▸ INSTRUCTIONS TO FOLLOW: Word for word, set down the lines from the one that contains "Gołębie, gdańskie wysokolotne, białe, czarne, mazery" through the final line of the data; no pictures belong in the copy.

Records contained in a dataset
************

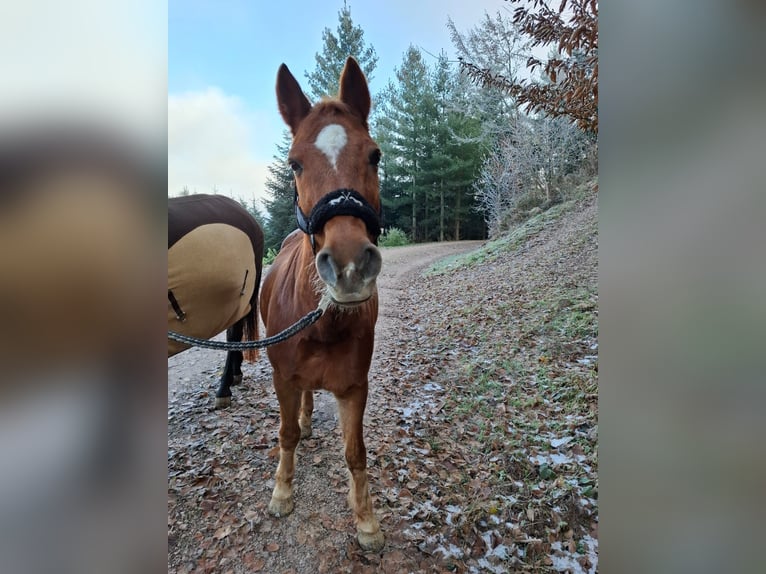 New Forest Castrone 14 Anni 147 cm Sauro in Gengenbach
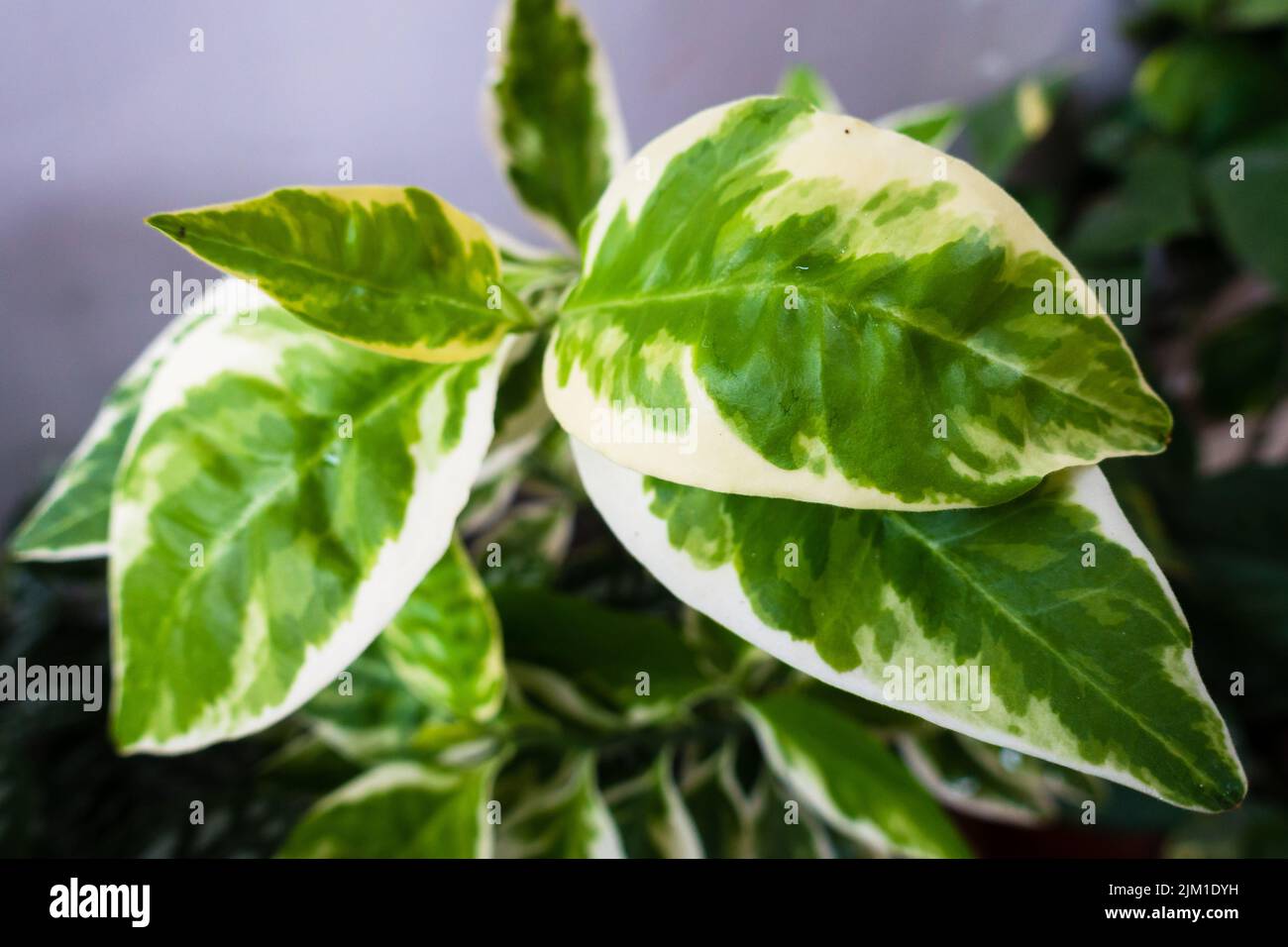 Un gros plan de Pedilanthus, Euphorbia tithymaloides plante poussant dans un pot de fleur dans un ménage indien comme une plante décorative. Banque D'Images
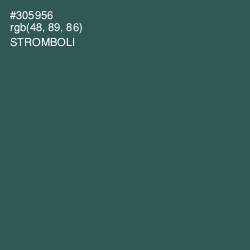 #305956 - Stromboli Color Image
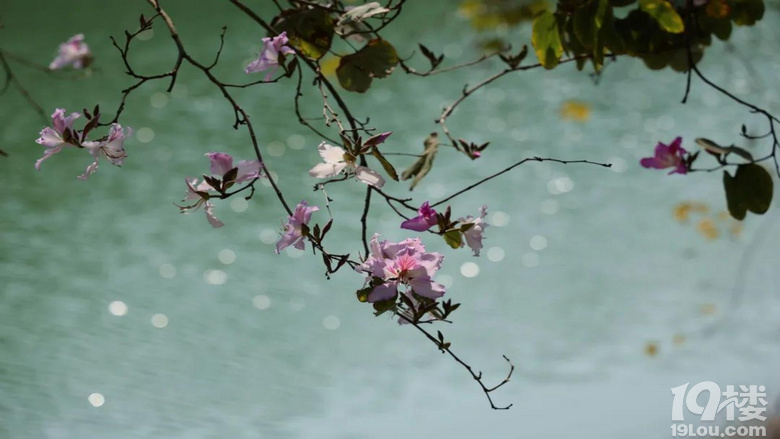 ���������á���ԡ������ʹ��磬�����ͻ��ļ���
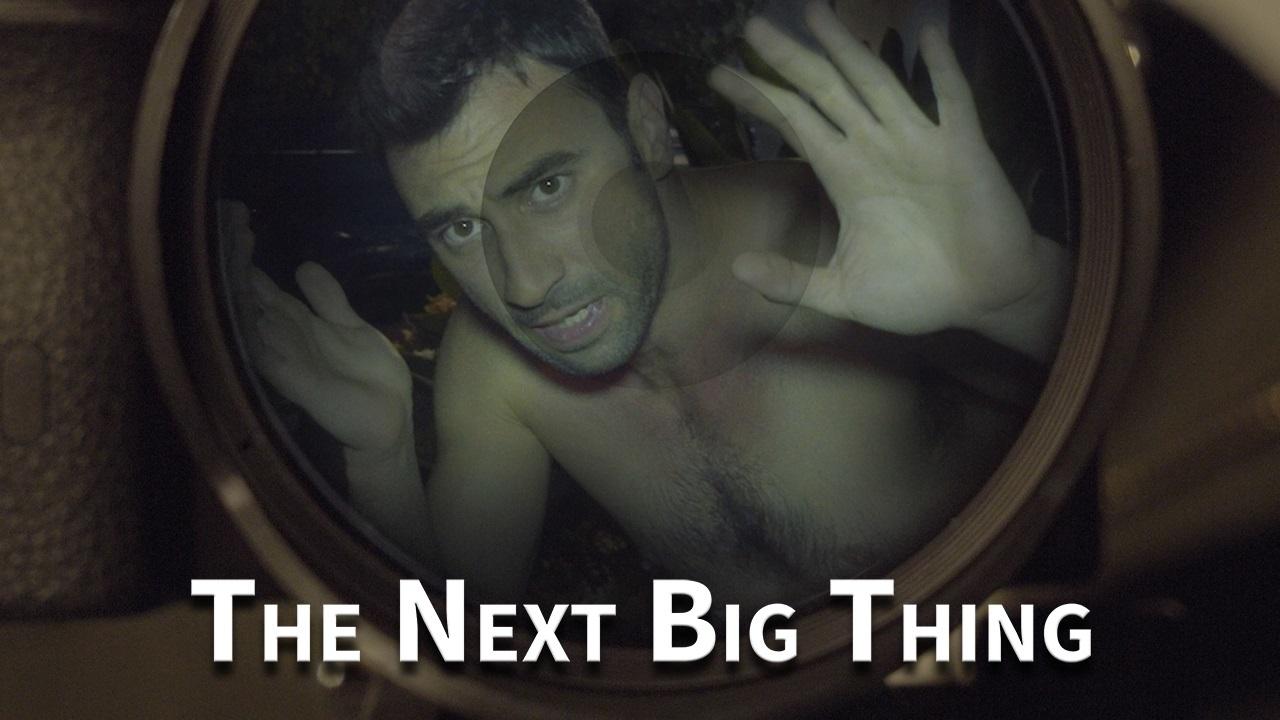 The Next Big Thing (2016)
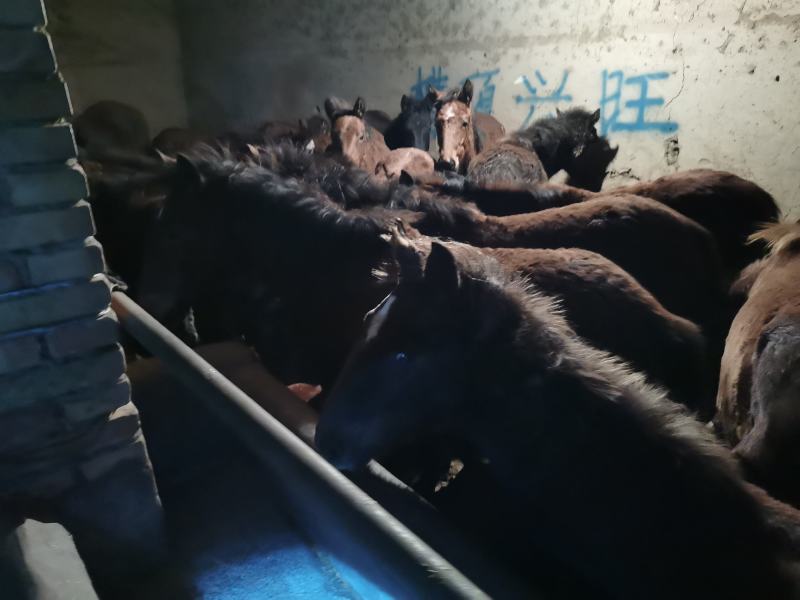 甘肃小毛驴诚信为本我是阿坤
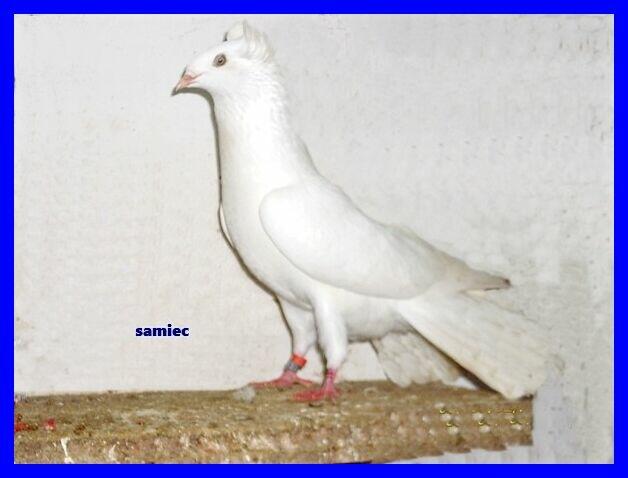 Gołębie, gdańskie wysokolotne, białe, czarne, mazery i srok.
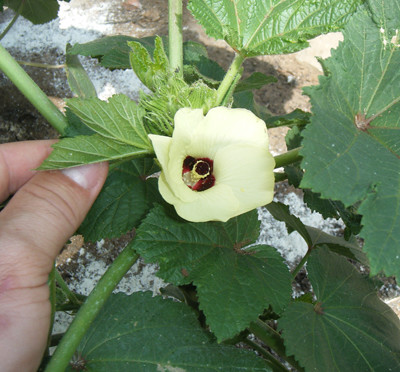 Okra blooming pictures.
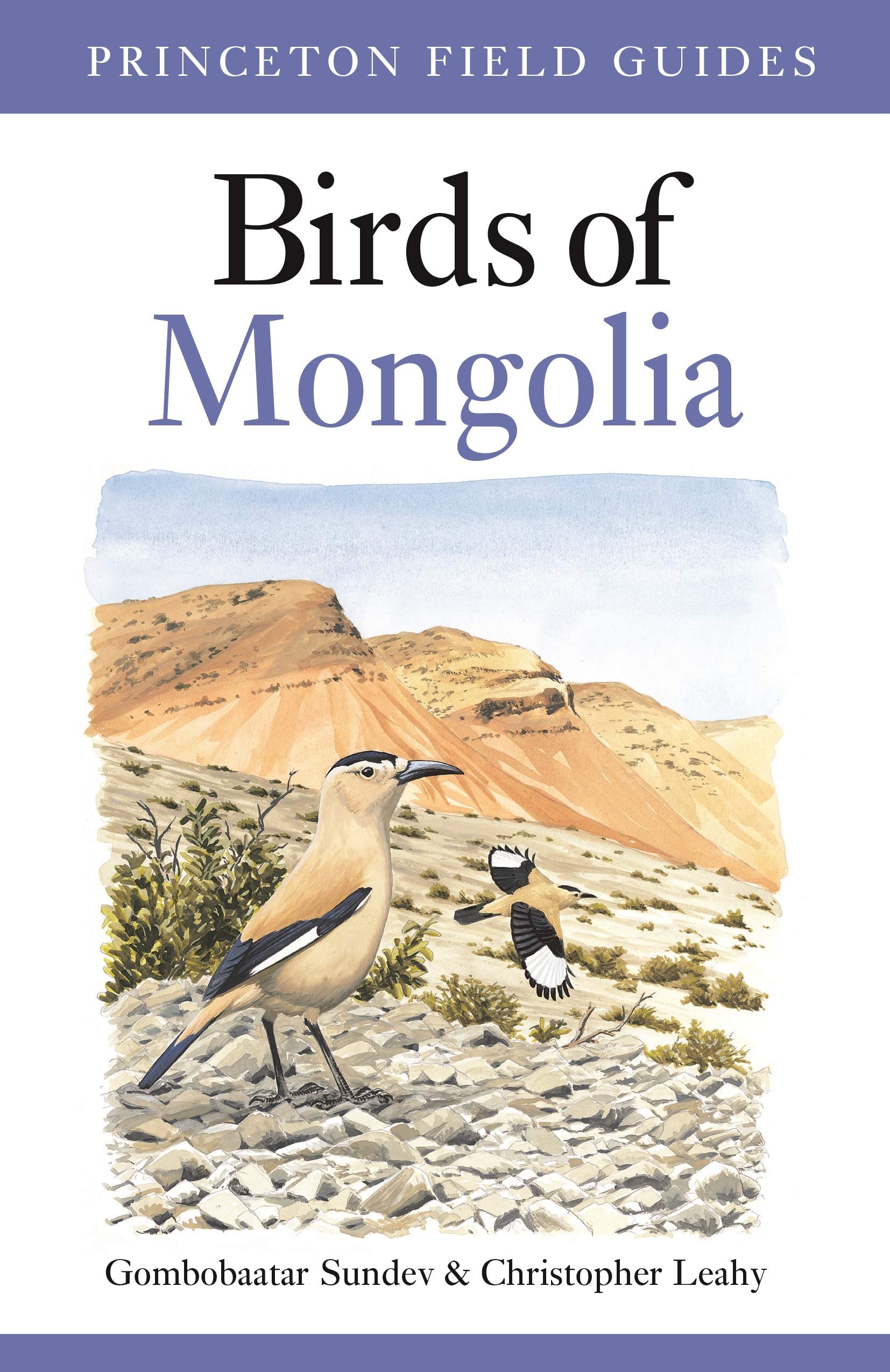 Birds of Mongolia is an indispensable guide for birders and travellers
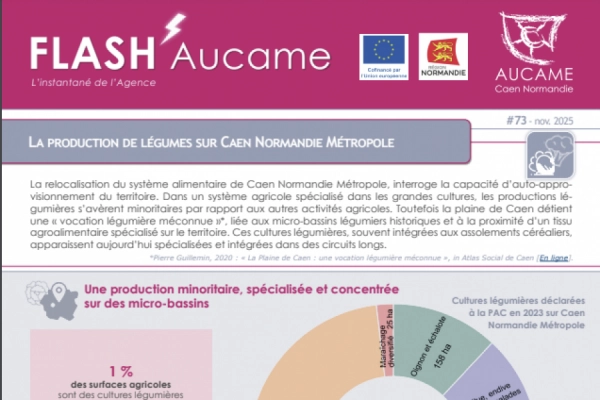 Flash' #73 : La production de légumes sur Caen Normandie Métropole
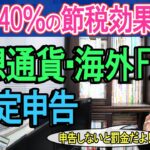 【最大40％の節税！】仮想通貨･海外FXの確定申告と5つの節税方法。やろうぜ！利益調整【暗号資産､ビットコイン､CFD､NFT､DiFi/雑所得･e-tax/経費範囲･損益通算他/FXで大損した過去】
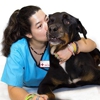 Broward Animal Hospital gallery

************

▸ ANSWER BELOW:
 Gołębie, gdańskie wysokolotne, białe, czarne, mazery i srok.
 Okra blooming pictures.
 Birds of Mongolia is an indispensable guide for birders and travellers
 Flash' #73 : La production de légumes sur Caen Normandie Métropole
 【最大40％の節税！】仮想通貨･海外FXの確定申告と5つの節税方法。やろうぜ！利益調整【暗号資産､ビットコイン､CFD､NFT､DiFi/雑所得･e-tax/経費範囲･損益通算他/FXで大損した過去】
 Broward Animal Hospital gallery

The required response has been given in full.